*** Opening Exercise material ***
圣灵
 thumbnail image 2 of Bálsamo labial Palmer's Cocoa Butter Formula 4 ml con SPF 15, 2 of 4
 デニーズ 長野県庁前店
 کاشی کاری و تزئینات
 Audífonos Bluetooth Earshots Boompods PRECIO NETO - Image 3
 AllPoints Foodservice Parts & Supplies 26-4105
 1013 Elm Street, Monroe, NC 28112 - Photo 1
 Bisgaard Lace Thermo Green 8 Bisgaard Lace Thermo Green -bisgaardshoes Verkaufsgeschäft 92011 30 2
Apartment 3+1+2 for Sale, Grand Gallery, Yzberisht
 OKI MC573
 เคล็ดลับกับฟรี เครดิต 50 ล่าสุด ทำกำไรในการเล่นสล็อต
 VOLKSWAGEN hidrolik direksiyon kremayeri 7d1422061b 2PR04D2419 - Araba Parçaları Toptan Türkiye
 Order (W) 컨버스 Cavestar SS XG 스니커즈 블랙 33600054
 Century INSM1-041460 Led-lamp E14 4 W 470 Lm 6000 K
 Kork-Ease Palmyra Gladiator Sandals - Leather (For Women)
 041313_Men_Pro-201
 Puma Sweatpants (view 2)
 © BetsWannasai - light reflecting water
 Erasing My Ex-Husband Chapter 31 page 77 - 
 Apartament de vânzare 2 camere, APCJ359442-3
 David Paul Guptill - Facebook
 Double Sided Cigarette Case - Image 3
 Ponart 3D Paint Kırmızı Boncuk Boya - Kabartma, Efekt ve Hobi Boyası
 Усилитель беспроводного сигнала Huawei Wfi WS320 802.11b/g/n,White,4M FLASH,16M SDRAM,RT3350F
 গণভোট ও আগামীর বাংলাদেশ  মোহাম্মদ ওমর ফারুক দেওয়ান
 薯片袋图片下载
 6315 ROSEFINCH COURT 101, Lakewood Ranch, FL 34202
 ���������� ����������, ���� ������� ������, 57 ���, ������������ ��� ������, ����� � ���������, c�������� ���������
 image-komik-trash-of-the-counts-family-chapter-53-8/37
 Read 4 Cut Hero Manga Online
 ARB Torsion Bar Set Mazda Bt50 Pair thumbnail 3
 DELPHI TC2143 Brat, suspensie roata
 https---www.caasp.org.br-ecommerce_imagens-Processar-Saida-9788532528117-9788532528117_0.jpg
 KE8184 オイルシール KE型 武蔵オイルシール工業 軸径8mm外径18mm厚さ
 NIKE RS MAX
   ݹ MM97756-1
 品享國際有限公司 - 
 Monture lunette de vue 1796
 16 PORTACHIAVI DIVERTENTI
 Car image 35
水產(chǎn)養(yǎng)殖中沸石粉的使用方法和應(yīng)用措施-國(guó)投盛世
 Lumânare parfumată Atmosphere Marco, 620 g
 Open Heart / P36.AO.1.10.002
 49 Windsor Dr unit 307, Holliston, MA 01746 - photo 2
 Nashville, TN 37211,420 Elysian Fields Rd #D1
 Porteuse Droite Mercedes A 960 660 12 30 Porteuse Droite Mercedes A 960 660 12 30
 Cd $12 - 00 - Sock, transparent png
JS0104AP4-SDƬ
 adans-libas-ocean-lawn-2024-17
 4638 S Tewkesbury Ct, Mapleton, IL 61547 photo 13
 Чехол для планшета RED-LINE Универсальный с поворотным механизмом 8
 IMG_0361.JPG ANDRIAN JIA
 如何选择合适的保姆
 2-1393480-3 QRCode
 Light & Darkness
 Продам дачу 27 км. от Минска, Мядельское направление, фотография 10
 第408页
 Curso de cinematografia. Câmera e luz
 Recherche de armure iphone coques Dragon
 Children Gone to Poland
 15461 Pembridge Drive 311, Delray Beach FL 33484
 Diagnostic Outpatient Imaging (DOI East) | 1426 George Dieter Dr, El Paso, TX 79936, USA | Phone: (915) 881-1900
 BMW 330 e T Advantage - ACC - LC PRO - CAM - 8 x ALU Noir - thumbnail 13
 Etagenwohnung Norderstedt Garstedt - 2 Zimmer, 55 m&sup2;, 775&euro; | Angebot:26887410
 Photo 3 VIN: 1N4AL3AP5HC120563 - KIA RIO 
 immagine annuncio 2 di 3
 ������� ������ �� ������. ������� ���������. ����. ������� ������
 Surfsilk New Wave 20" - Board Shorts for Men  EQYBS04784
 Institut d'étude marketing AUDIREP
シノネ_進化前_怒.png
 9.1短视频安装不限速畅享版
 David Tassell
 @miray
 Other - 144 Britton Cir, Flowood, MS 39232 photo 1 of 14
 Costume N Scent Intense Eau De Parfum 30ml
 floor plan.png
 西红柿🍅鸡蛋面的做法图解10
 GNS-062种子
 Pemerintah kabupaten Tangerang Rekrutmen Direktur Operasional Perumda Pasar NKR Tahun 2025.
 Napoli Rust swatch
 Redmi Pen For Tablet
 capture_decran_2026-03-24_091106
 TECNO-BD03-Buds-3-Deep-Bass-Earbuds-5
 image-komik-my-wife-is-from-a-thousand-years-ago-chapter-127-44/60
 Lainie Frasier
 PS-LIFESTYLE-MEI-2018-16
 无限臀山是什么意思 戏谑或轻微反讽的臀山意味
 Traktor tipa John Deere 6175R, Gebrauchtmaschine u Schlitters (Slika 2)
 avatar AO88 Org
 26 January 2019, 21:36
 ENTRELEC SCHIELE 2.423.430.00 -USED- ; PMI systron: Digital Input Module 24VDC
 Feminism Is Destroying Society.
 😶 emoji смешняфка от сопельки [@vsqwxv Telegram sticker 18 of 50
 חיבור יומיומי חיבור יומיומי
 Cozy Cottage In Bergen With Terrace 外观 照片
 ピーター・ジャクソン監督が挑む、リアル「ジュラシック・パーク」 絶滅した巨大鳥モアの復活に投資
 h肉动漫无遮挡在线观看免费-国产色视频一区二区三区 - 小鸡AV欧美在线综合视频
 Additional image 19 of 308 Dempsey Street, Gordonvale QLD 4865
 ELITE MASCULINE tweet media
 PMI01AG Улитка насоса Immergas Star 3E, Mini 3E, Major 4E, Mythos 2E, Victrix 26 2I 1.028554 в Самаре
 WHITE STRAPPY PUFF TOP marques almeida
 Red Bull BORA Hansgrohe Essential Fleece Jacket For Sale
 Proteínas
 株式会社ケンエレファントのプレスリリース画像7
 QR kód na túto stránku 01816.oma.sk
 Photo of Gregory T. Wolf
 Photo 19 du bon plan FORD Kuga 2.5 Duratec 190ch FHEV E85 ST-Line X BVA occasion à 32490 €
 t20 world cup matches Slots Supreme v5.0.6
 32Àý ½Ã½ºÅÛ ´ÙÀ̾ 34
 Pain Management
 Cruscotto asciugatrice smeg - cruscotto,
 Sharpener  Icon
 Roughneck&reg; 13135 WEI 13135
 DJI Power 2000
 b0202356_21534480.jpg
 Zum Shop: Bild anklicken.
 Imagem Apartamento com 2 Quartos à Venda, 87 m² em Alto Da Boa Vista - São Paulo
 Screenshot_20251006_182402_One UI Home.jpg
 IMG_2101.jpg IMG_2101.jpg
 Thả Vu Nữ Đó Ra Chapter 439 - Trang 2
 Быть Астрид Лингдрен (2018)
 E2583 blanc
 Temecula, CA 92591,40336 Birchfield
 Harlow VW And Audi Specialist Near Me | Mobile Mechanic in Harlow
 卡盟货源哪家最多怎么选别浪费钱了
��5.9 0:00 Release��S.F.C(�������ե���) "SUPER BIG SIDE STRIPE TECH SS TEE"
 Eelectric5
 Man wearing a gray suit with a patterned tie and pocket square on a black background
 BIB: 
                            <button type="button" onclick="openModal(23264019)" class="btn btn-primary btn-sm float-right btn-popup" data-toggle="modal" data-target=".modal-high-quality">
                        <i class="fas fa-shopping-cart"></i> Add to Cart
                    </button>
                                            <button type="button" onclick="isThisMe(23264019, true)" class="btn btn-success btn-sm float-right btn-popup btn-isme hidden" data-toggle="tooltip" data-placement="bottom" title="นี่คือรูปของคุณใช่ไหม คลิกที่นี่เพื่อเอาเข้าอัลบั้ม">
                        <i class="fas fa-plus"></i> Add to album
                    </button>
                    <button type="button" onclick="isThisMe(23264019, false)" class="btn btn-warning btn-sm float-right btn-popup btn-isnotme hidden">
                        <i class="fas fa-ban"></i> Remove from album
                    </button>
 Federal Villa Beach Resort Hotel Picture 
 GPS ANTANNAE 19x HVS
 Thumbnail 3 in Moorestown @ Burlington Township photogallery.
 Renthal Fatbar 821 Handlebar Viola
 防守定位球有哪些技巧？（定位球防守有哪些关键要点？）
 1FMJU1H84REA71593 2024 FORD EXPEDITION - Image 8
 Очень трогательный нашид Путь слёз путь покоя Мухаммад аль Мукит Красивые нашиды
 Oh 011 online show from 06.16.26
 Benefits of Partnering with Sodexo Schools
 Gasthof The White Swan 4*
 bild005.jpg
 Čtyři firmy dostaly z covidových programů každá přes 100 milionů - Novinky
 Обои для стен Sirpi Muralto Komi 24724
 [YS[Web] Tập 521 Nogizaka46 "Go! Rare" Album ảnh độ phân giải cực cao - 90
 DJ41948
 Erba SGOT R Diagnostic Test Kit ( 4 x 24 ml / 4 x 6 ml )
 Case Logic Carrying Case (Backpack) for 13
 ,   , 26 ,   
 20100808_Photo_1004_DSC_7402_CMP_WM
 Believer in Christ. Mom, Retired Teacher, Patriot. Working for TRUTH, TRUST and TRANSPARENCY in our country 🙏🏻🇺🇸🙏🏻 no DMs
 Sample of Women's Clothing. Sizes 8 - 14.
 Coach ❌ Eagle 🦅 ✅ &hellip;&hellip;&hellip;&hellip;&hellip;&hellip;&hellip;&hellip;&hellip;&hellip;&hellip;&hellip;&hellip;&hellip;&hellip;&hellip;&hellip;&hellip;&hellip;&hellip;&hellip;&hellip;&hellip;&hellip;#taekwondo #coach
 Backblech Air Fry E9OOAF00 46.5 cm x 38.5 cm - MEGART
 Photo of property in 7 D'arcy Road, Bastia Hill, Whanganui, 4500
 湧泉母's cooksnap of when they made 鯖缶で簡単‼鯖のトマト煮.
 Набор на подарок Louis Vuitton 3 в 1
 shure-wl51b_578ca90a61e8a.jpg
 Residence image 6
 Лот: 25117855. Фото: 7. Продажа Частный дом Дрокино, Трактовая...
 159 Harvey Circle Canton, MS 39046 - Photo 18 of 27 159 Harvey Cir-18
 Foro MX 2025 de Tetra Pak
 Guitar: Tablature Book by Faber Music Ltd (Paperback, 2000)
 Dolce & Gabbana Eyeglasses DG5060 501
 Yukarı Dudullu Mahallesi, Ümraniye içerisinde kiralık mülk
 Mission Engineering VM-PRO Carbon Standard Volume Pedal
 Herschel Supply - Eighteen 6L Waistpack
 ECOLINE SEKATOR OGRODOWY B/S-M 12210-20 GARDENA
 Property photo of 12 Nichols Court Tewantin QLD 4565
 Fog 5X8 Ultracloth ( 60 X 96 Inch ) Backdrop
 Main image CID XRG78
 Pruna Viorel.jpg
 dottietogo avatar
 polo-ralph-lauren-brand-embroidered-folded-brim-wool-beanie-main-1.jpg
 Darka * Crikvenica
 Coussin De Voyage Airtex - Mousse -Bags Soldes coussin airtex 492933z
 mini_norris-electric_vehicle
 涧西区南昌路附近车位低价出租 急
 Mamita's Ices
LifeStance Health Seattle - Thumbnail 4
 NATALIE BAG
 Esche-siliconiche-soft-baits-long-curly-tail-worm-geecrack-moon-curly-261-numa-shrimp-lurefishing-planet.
*** Closing Exercise material ***
From the records above, reproduce exactly the lines from the one with "AllPoints Foodservice Parts" to the one with "Double Sided Cigarette Case - Image 3", both included, and no others.

Exercise response ->
 AllPoints Foodservice Parts & Supplies 26-4105
 1013 Elm Street, Monroe, NC 28112 - Photo 1
 Bisgaard Lace Thermo Green 8 Bisgaard Lace Thermo Green -bisgaardshoes Verkaufsgeschäft 92011 30 2
Apartment 3+1+2 for Sale, Grand Gallery, Yzberisht
 OKI MC573
 เคล็ดลับกับฟรี เครดิต 50 ล่าสุด ทำกำไรในการเล่นสล็อต
 VOLKSWAGEN hidrolik direksiyon kremayeri 7d1422061b 2PR04D2419 - Araba Parçaları Toptan Türkiye
 Order (W) 컨버스 Cavestar SS XG 스니커즈 블랙 33600054
 Century INSM1-041460 Led-lamp E14 4 W 470 Lm 6000 K
 Kork-Ease Palmyra Gladiator Sandals - Leather (For Women)
 041313_Men_Pro-201
 Puma Sweatpants (view 2)
 © BetsWannasai - light reflecting water
 Erasing My Ex-Husband Chapter 31 page 77 - 
 Apartament de vânzare 2 camere, APCJ359442-3
 David Paul Guptill - Facebook
 Double Sided Cigarette Case - Image 3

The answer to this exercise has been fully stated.